Ouvertement homosexuelle en plein second Empire, fascinée par les animaux, elle avait un extraordinaire talent de peintre naturaliste qui lui valut une gloire internationale 1. Réticente à l’égard du mouvement féministe, Rosa Bonheur considérait que les femmes devaient démontrer leurs compétences sans en faire un programme.
Le XXe siècle n’a pas été tendre avec Rosa Bonheur. Dans sa période faste, elle était adulée par les millionnaires de « l’âge d’or » américain 2 et par le public des galeries des deux côtés de l’Atlantique. Pour l’Art Journal en 1879, c’était irréfutable : « Aucune femme au monde ne peint aussi admirablement que Rosa Bonheur. » Lors de la vente de son atelier, en 1900 – un an après sa mort –, les sommes déboursées, même pour des esquisses et des travaux préparatoires, atteignirent un niveau sans précédent : 1 180 880 francs.

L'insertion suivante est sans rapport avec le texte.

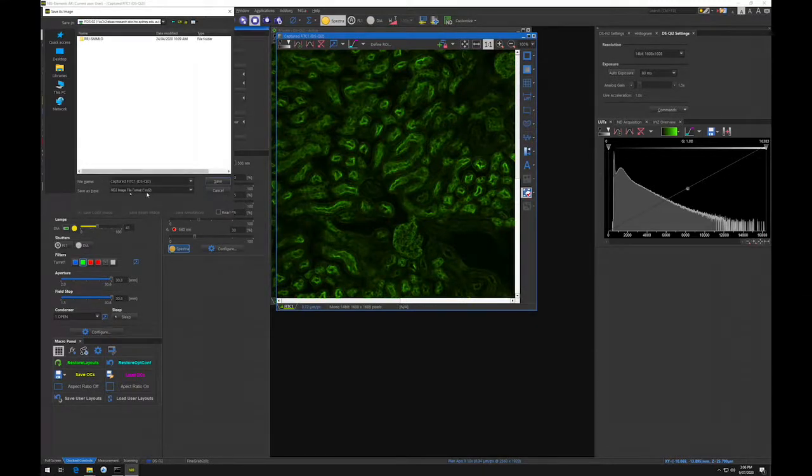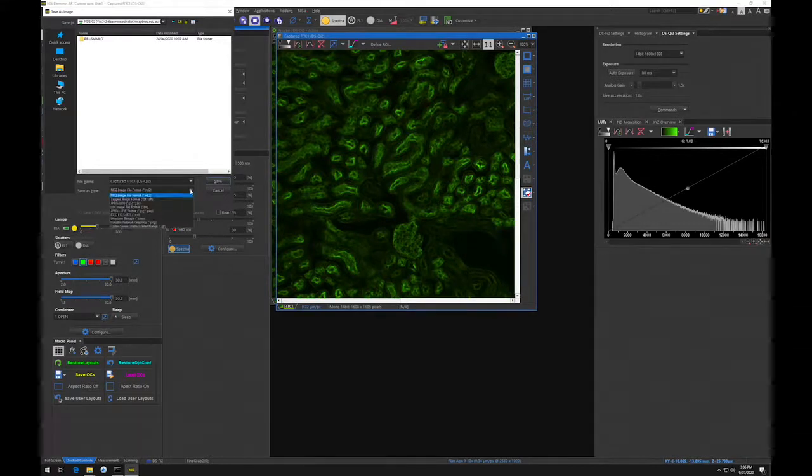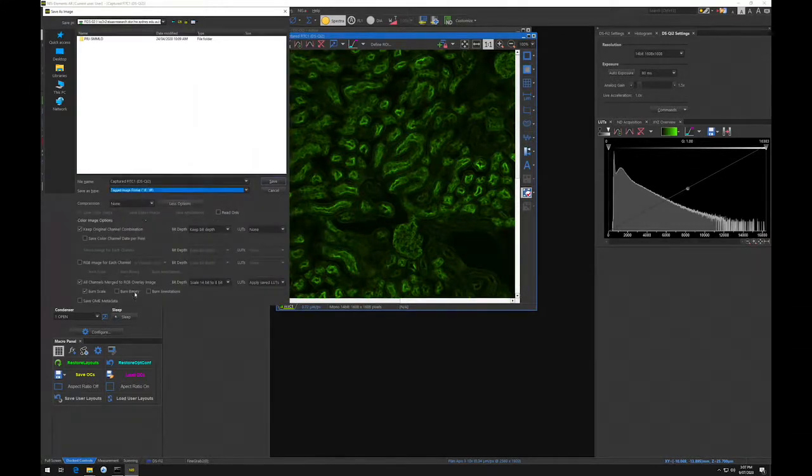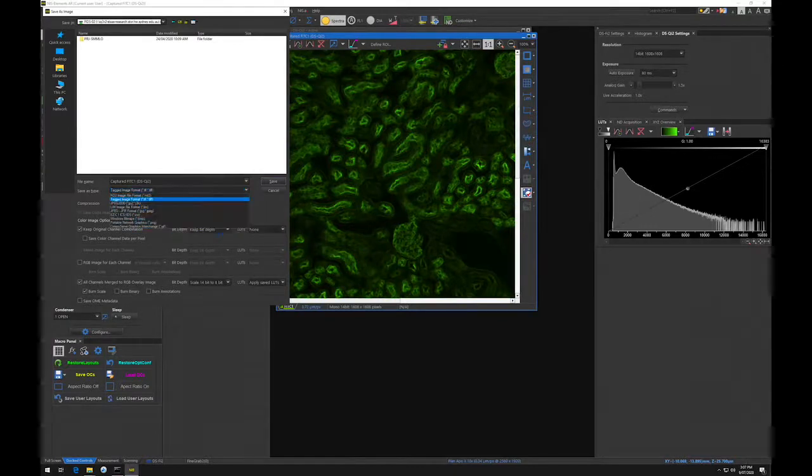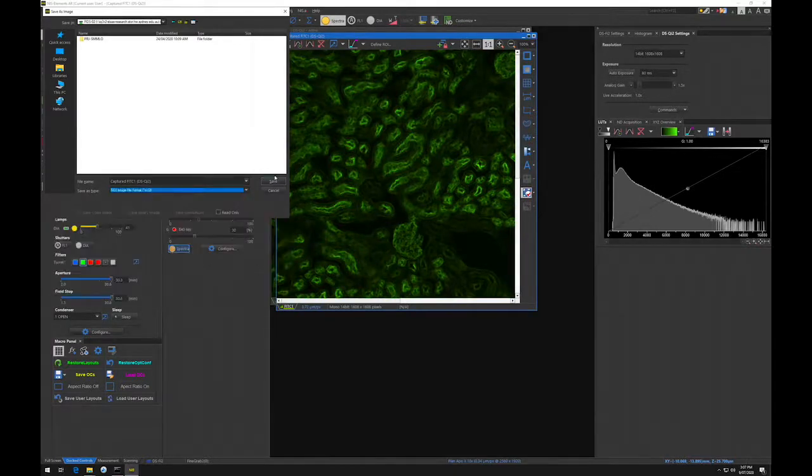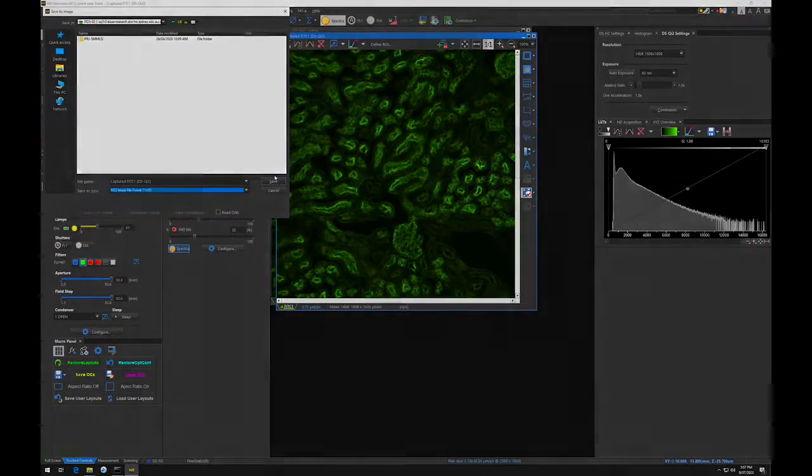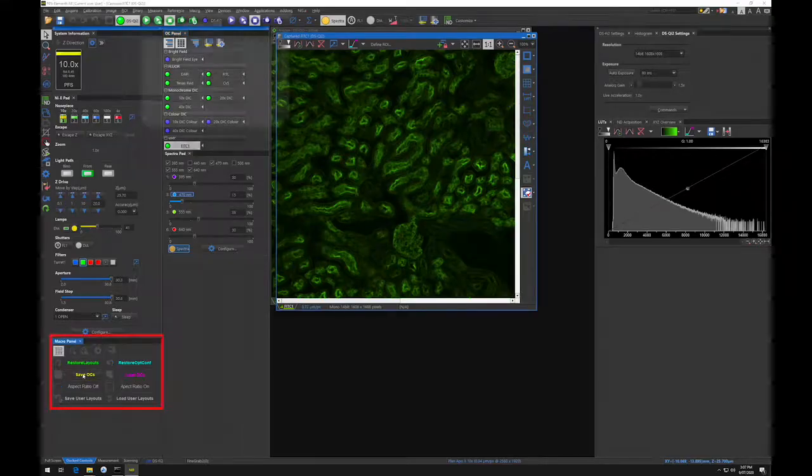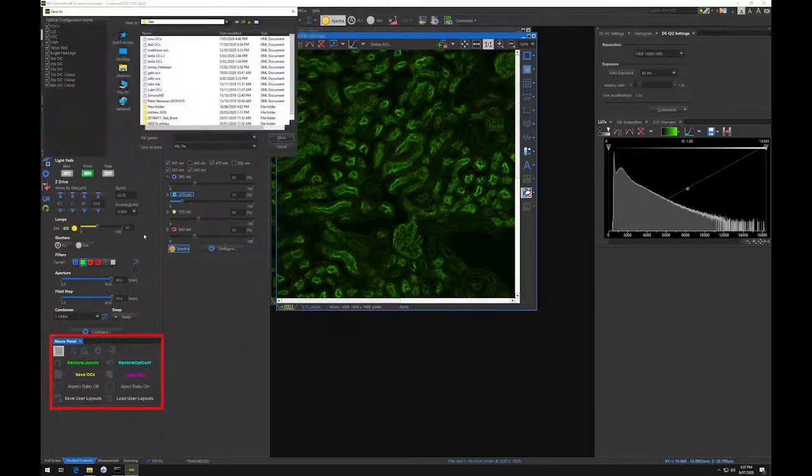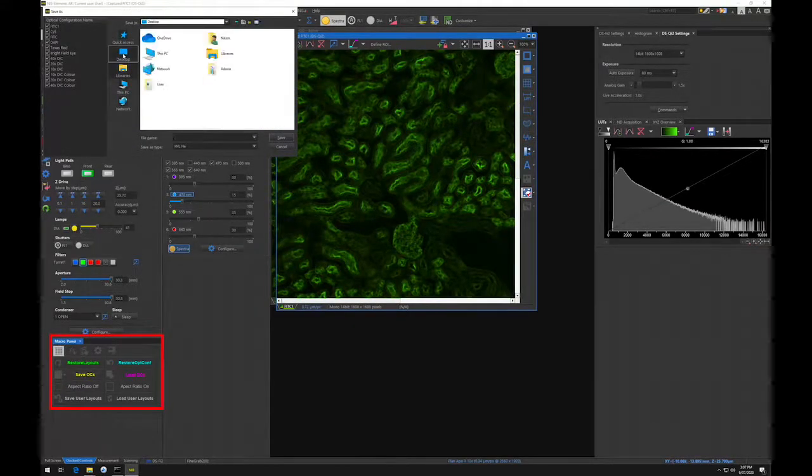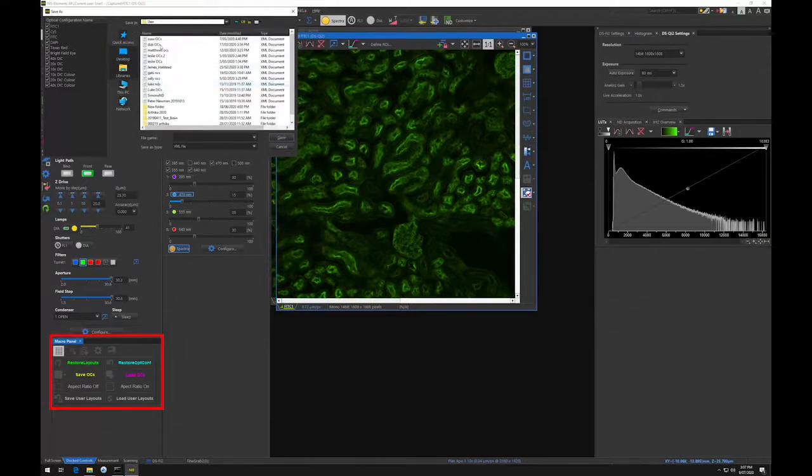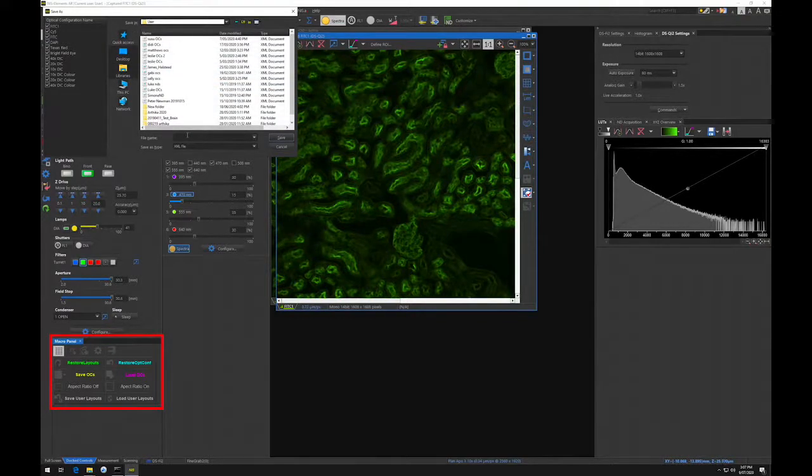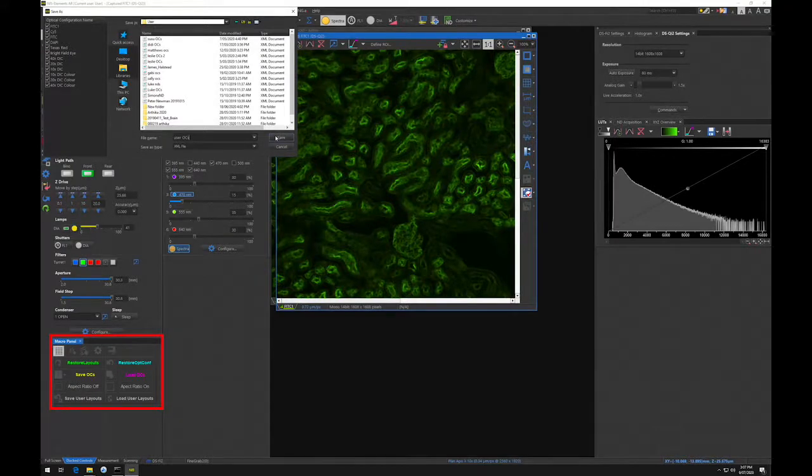You can also convert your image to an 8-bit TIFF and save that. But remember, when you do this, you are throwing data away. Be sure to save your OCs using the save OCs macro button. Please save them in the user folder on the desktop, and use the load OCs macro button to reload them the next time you use the microscope.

Pourtant, en quelques décennies, les prix vont s’effondrer, si bien qu’au milieu du siècle ses œuvres se vendent à environ un cinquantième de leur valeur d’origine. En France, elles sont rapidement éclipsées par celle de l’avant-garde, qui s’offusque du genre animalier dans lequel elle s’est spécialisée ; même dans sa ville bien-aimée de Fontainebleau, le taureau de bronze érigé à sa mémoire et fondu par...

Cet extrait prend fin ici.